Matias Isabel, Vergoni Anna Valeria, Petrosino Stefania, Ottani Alessandra, Pocai Alessandro, Bertolini Alfio, Di Marzo Vincenzo
Endocannabinoid Research Group, Institute of Biomolecular Chemistry, Consiglio Nazionale delle Ricerche, Via Campi Flegrei 34, 80078 Pozzuoli (NA), Italy.
Neuropharmacology. 2008 Jan;54(1):206-12. doi: 10.1016/j.neuropharm.2007.06.011. Epub 2007 Jun 29.
Endocannabinoids are paracrine/autocrine lipid mediators with several biological functions. One of these, i.e. the capability to stimulate food intake via cannabinoid CB(1) receptors, has been particularly studied, thus leading to the development of the first CB(1) receptor blocker, rimonabant, as a therapeutic tool against obesity and related metabolic disorders. Hypothalamic endocannabinoids stimulate appetite by regulating the expression and release of anorexic and orexigenic neuropeptides via CB(1) receptors. In turn, the tone of the latter receptors is regulated by hormones, including leptin, glucocorticoids and possibly ghrelin and neuropeptide Y, by modulating the biosynthesis of the endocannabinoids in various areas of the hypothalamus. CB(1) receptor stimulation is also known to increase blood glucose during an oral glucose tolerance test in rats. Here we investigated in the rat if insulin, which is known to exert fundamental actions at the level of the mediobasal hypothalamus (MBH), and the melanocortin system, namely alpha-melanocyte stimulating hormone (alpha-MSH) and melanocortin receptor-4 (MCR-4), also regulate hypothalamic endocannabinoid levels, measured by isotope-dilution liquid chromatography coupled to mass spectrometry. No effect on anandamide and 2-arachidonoylglycerol levels was observed after 2h infusion of insulin in the MBH, i.e. under conditions in which the hormone reduces blood glucose, nor with intra-cerebroventricular injection of alpha-MSH, under conditions in which the neuropeptide reduces food intake. Conversely, blockade of MCR-4 receptors with HS014 produced a late (6h after systemic administration) stimulatory effect on endocannabinoid levels as opposed to a rapid and prolonged stimulation of food-intake (observable 2 and 6h after administration). These data suggest that inhibition of endocannabinoid levels does not mediate the effect of insulin on hepatic glucose production nor the food intake-inhibitory effect of alpha-MSH, although stimulation of endocannabinoid levels might underlie part of the late stimulatory effects of MCR-4 blockade on food intake.

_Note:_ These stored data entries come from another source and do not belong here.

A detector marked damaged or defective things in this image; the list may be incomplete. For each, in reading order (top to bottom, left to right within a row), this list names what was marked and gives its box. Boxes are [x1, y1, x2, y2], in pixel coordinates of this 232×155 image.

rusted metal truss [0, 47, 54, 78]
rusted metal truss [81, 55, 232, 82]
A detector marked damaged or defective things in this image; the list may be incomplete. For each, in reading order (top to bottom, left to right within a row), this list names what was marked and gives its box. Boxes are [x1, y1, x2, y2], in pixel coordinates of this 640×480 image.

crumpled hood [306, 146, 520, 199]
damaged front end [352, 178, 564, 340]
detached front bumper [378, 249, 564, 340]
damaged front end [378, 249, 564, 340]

内源性大麻素是具有多种生物学功能的旁分泌/自分泌脂质介质。其中之一,即通过大麻素CB(1)受体刺激食物摄入的能力,已得到特别研究,从而促使首个CB(1)受体阻滞剂利莫那班的研发,作为治疗肥胖及相关代谢紊乱的工具。下丘脑内源性大麻素通过CB(1)受体调节厌食和促食欲神经肽的表达与释放来刺激食欲。反过来,后者受体的活性受激素调节,包括瘦素、糖皮质激素,可能还有胃饥饿素和神经肽Y,它们通过调节下丘脑各区域内源性大麻素的生物合成来实现。已知在大鼠口服葡萄糖耐量试验中,刺激CB(1)受体也会使血糖升高。在此,我们研究了在大鼠中,已知在中基底下丘脑(MBH)水平发挥重要作用的胰岛素以及黑皮质素系统,即α-黑素细胞刺激素(α-MSH)和黑皮质素受体-4(MCR-4),是否也调节下丘脑内源性大麻素水平,该水平通过同位素稀释液相色谱-质谱联用进行测定。在MBH中输注胰岛素2小时后,即在该激素降低血糖的条件下,未观察到对花生四烯乙醇胺和2-花生四烯酸甘油水平有影响;在脑室内注射α-MSH后,即在该神经肽减少食物摄入的条件下,也未观察到影响。相反,用HS014阻断MCR-4受体对内源性大麻素水平产生了延迟(全身给药后6小时)的刺激作用,与之相对的是对食物摄入的快速且持久的刺激作用(给药后2小时和6小时可观察到)。这些数据表明,抑制内源性大麻素水平并不介导胰岛素对肝脏葡萄糖生成的作用,也不介导α-MSH对食物摄入的抑制作用,尽管内源性大麻素水平的刺激可能是MCR-4阻断对食物摄入的部分延迟刺激作用的基础。